§ HOW TO COMPLETE THIS TASK:
In the reply, give back exactly the lines from the one with "Fraikin BM Granollers" through the last line of the records, without pictures.

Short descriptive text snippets
=== Section Start ===
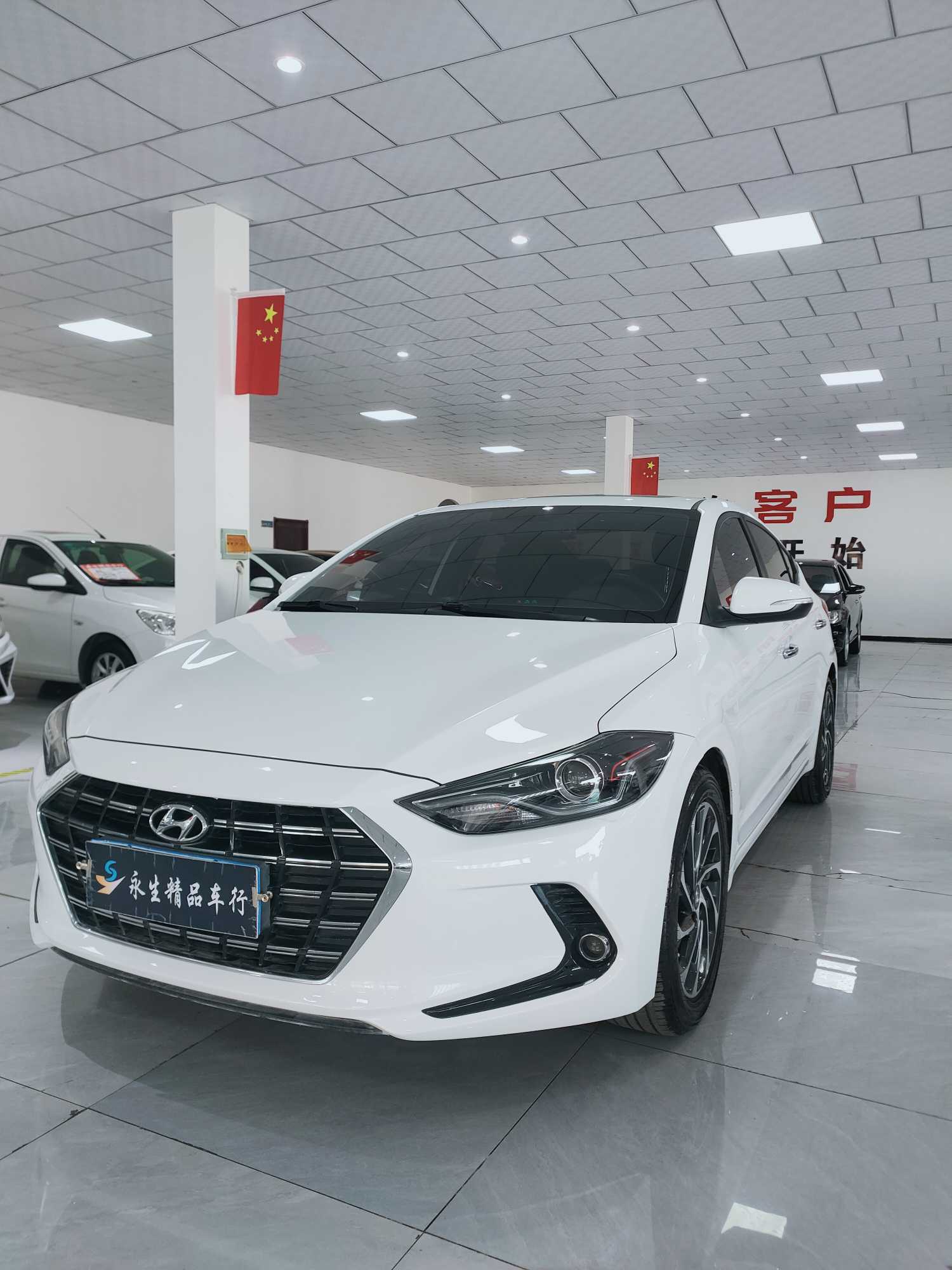 Hyundai Elantra AD 2020 car image #3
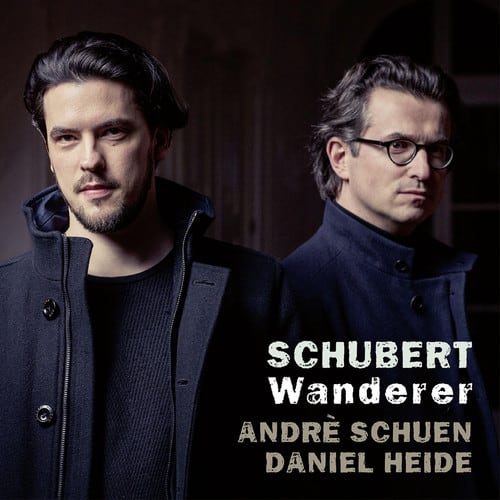Schubert / Heide - Wanderer  - COMPACT DISCS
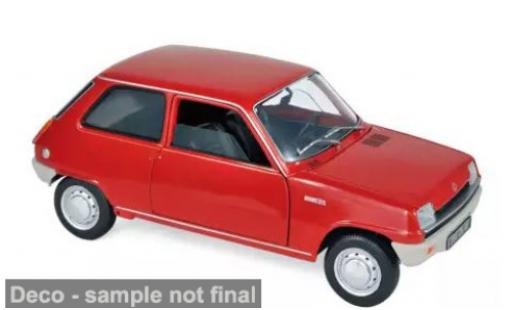 Renault 5 1/87 Norev TL rot 1972 1:87 modellino in miniatura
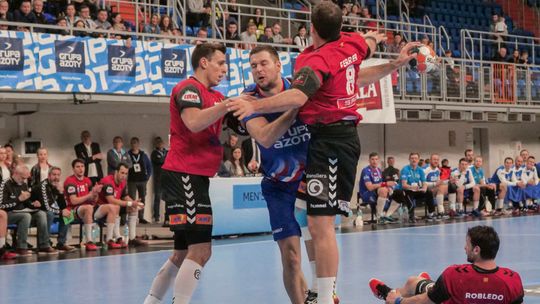 Fraikin BM Granollers – Azoty Puławy 30:29. Porażka w debiucie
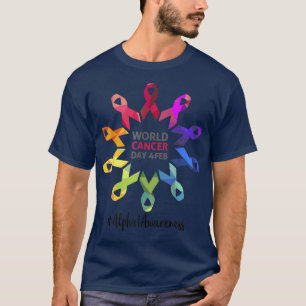 Alpha 1 Awareness World Cancer Day Alpha 1 Warrior T-Shirt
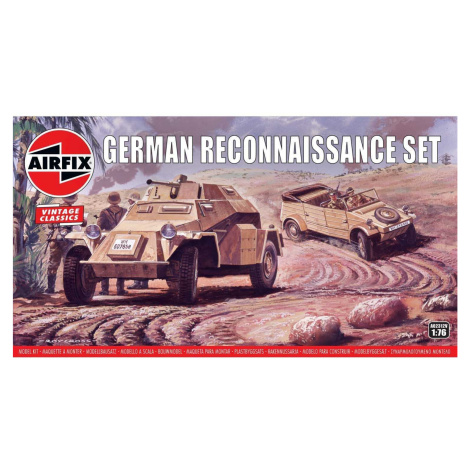 Classic Kit VINTAGE military A02312V - German Reconnaisance Set (1:76) AIRFIX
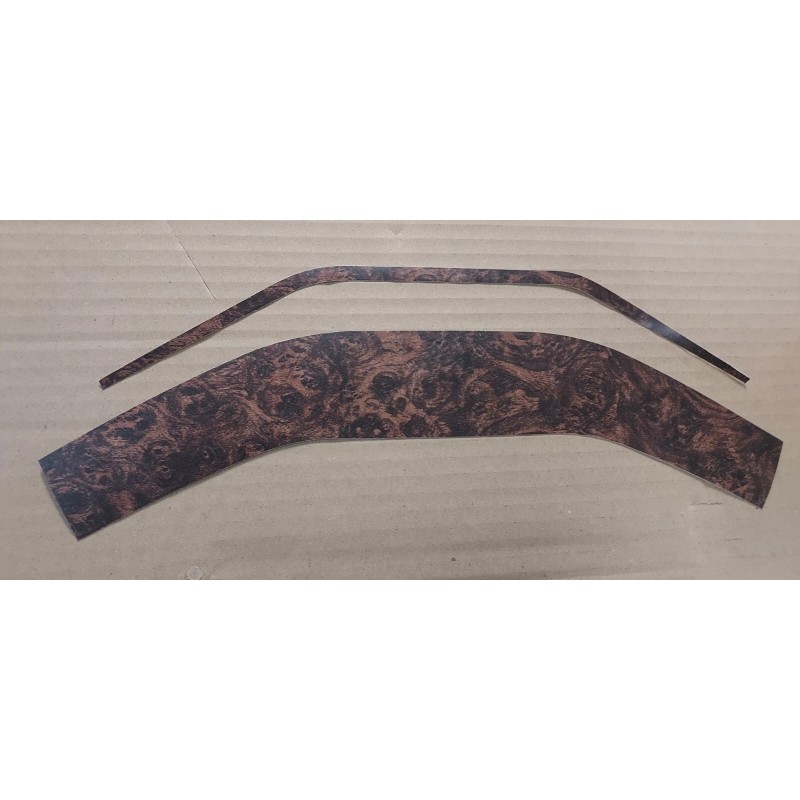 Ford 1975-1980 Ford Granada Steering Wheel Horn Pad Woodgrain Restoration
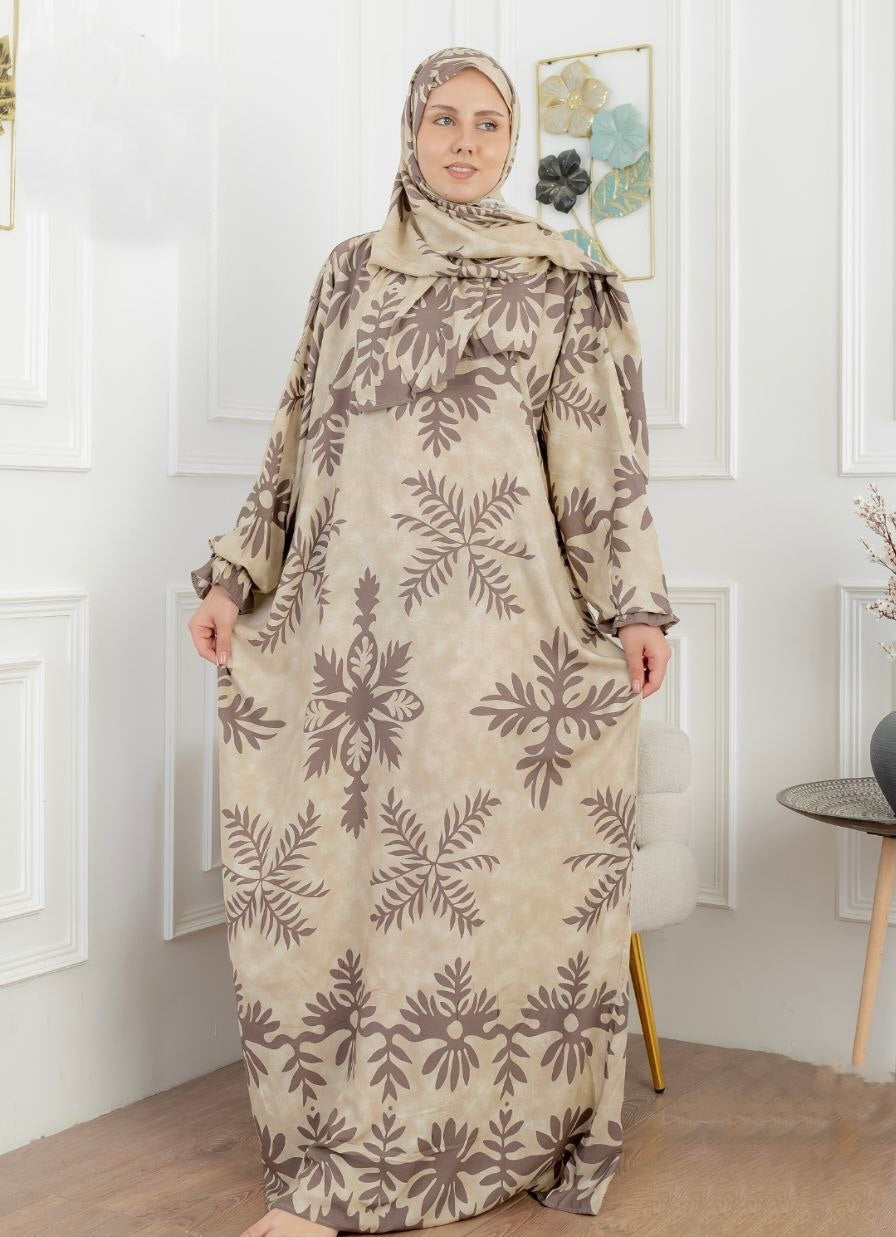 Natural Calm Prayer Set – Warm Taupe 19002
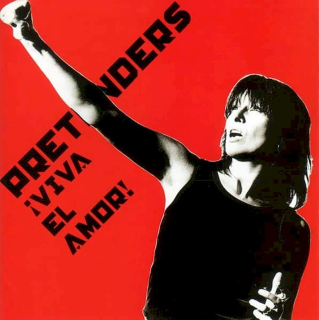 The Pretenders - ?Viva El Amor! - CD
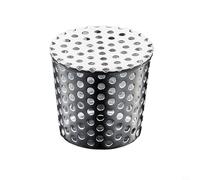 EXTRWORY 304 rangée latérale Trou rond en acier inoxydable Siphon de sol Insert mural Sortie de drainage respirante Toit Filtre anti-souris en acier inoxydable Couvercle anti-blocage pour drainage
=== Section End ===
§ RESULT OF THIS EXERCISE:
 Fraikin BM Granollers – Azoty Puławy 30:29. Porażka w debiucie
 Alpha 1 Awareness World Cancer Day Alpha 1 Warrior T-Shirt
 Classic Kit VINTAGE military A02312V - German Reconnaisance Set (1:76) AIRFIX
 Ford 1975-1980 Ford Granada Steering Wheel Horn Pad Woodgrain Restoration
 Natural Calm Prayer Set – Warm Taupe 19002
 The Pretenders - ?Viva El Amor! - CD
 EXTRWORY 304 rangée latérale Trou rond en acier inoxydable Siphon de sol Insert mural Sortie de drainage respirante Toit Filtre anti-souris en acier inoxydable Couvercle anti-blocage pour drainage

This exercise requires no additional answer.